A spokesman for Unisys Federal Systems, which will assist PBS personnel in the conversion, said the move from GSA's batch processing Infonet environment to the newer system will save about $1 million each month in maintenance charges. The move also will provide PBS with its first on-line transaction processing capability, give users a Windows-based graphical user interface and solve the organization's Year 2000 problem.
Joseph Santamaria, vice president and general manager for information technology at Unisys Federal Systems, said the transition will take advantage of hardware already installed at GSA and will entail software development services worth about $14 million. He said the services were purchased from his company's $338 million GSA Systems contract, awarded in 1992.
Santamaria said the move will transfer PBS data to a Unisys A11-1222 centralized mainframe installed at PBS headquarters in Washington, D.C., and 11 A7-411 "servers" at each of GSA's regional locations. He said it will also make PBS data more accessible to users by "refacing applications."
"We took the applications from the old [text-oriented] look and designed new ones that have Windows-type graphics," Santamaria said.
Steven Mead, chief information officer at PBS, said the old Infonet applications run on a time-sharing system that has served as the organization's data processing architecture since the mid-1970s. The PBS staff has spent five to 10 years developing applications for Infonet, he said. "We were quite comfortable with that in the early days," Mead said. But Infonet code, written in the obscure DML language, became difficult to maintain, and programmers familiar with it became scarce. When a planned effort to redesign the organization's applications failed, officials realized it would be difficult to integrate the old code with new systems coming on-line, Mead said. The system suffered an increasing number of breakdowns as it aged, he said.
Consequently, PBS called on Unisys to help migrate nine applications for functions such as assigning space to agencies and building security and maintenance. Unisys also will convert PBS' database on 8,000 government buildings managed by the agency, the Unisys spokesman said.
Solution for 2000
The transition is occurring at a time when PBS officials have been grappling with the question of how to prepare their systems for 2000. Mead said those issues will be handled during the transition from Infonet, even though that was not a stated objective of the initiative.

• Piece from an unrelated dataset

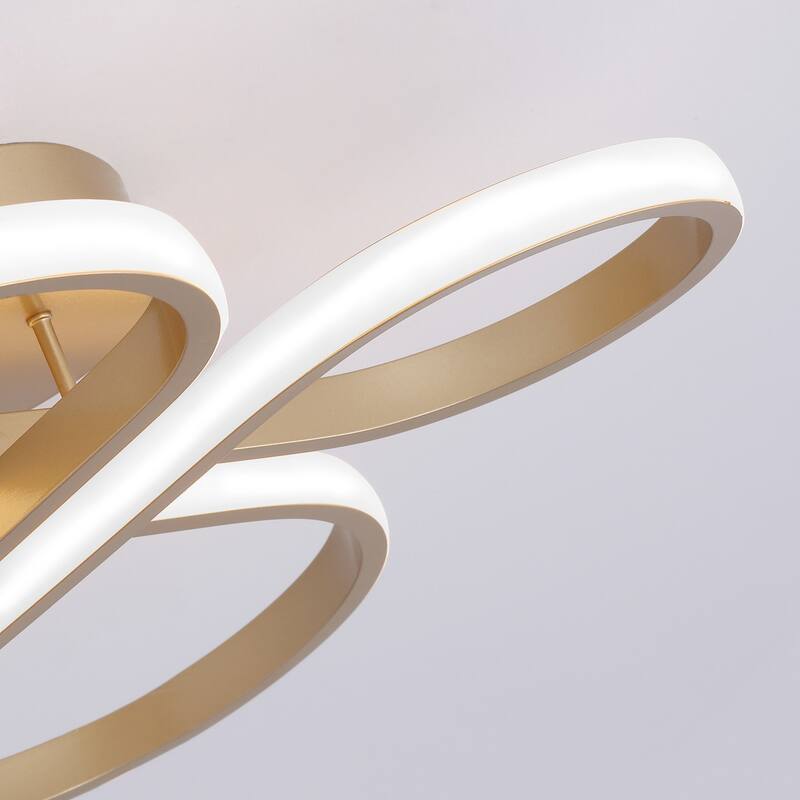 Modern 1-Light Concise Linear Design LED Flush Mount Lamp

"As a side benefit, while we are converting all of this code, we will fix the Year 2000 problem as we go along," he said. "That puts us in excellent shape for the future."
Mead said the conversion, scheduled for completion in December, will run simultaneously with another initiative to re-engineer the PBS applications.
Abandoning the Mainframe
Next year, the agency will go a step further and begin to abandon the mainframe architecture altogether, he said.
"Our long-term solution will largely be distributed," Mead said. "As our business and my office identify and put up re-engineered applications, the overwhelming majority would be server-based."
Santamaria said he expects the proj-ect to be completed two months ahead of schedule. "Early on, we got together with GSA and made a serious commitment to undertake this in 18 months," he said. "We'll probably be done before that. Most software development projects normally run behind schedule. But because of the way our team and GSA's have been working on this, we'll probably be done 60 days early."